Cost was around twelve dollars, and could actually run a layout up to the shield board limit of 1A [without added heatsink / fan]
My intent is to use this to save all loco decoder CV settings in JMRI once I have them set to where I like them, easier than writing them all down and entering one at a time if I need to reset the decoder to factory for any reason ..


----------



## RT_Coker (Dec 6, 2012)

I have been following DCC++ and am glad to see “open-source” being used in the hobby. For those that have the inclination and initiative, it can provide a significant price/performance advantage. 

I was disappointed that the company doing the Bluetooth-decoder hardware for Direct-Bluetooth-Train-Control was unable or unwilling to provide hardware with working motor control. But nothing ventured, nothing gained, so I have no major regrets. From what I have seen of the commercial sales of DBTC for HO, it appears that most HO hobbyist have little to no interest in this area.

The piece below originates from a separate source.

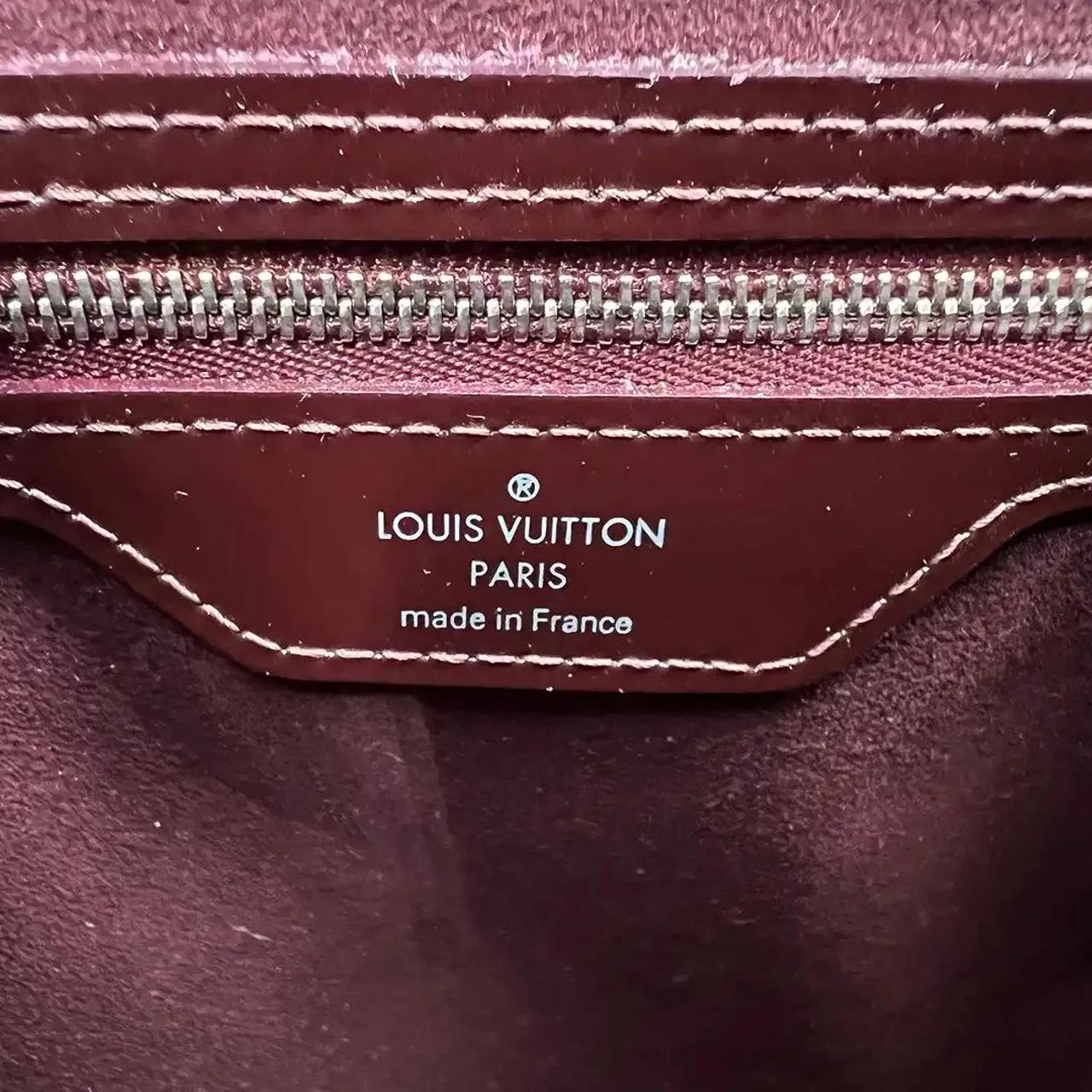 Thumbnail - Louis Vuitton Crossbody Bags - Louis Vuitton Mirabeau GM Electric Epi handbag / g - Gr. unisize - in Schwarz - für Damen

Most of my grandkids are involved in robotics now and not interested in the train hobby, so I am in the process of joining them for the time being.
Bob


----------



## sachsr1 (Mar 3, 2016)

I finished my DCC++ base station a few weeks ago, and I've run it on a small section of track. I plan on setting up a test oval in the garage this week and do a full test (turnouts, automation). I also want to try some of the homemade throttles and try some signals.


----------



## sachsr1 (Mar 3, 2016)

WVGCA,

Is your motor shield rated at 1A or 2A? I'm wondering because mine says it's 2A, but I haven't really tested it. I know that the actual working output is usually not anywhere near the listed limit.


----------



## wvgca (Jan 21, 2013)

sachsr1 said:


> WVGCA,
> 
> Is your motor shield rated at 1A or 2A? I'm wondering because mine says it's 2A, but I haven't really tested it. I know that the actual working output is usually not anywhere near the listed limit.


Mine is supposed to be rated up to 2A with external supply, which I do have, but external DC supply is rated 12V 1.5A ..and I don't have the extra heatsink either, they were just under five dollars, it's the deek robot R3 

it works well enough for what I use it for ..


----------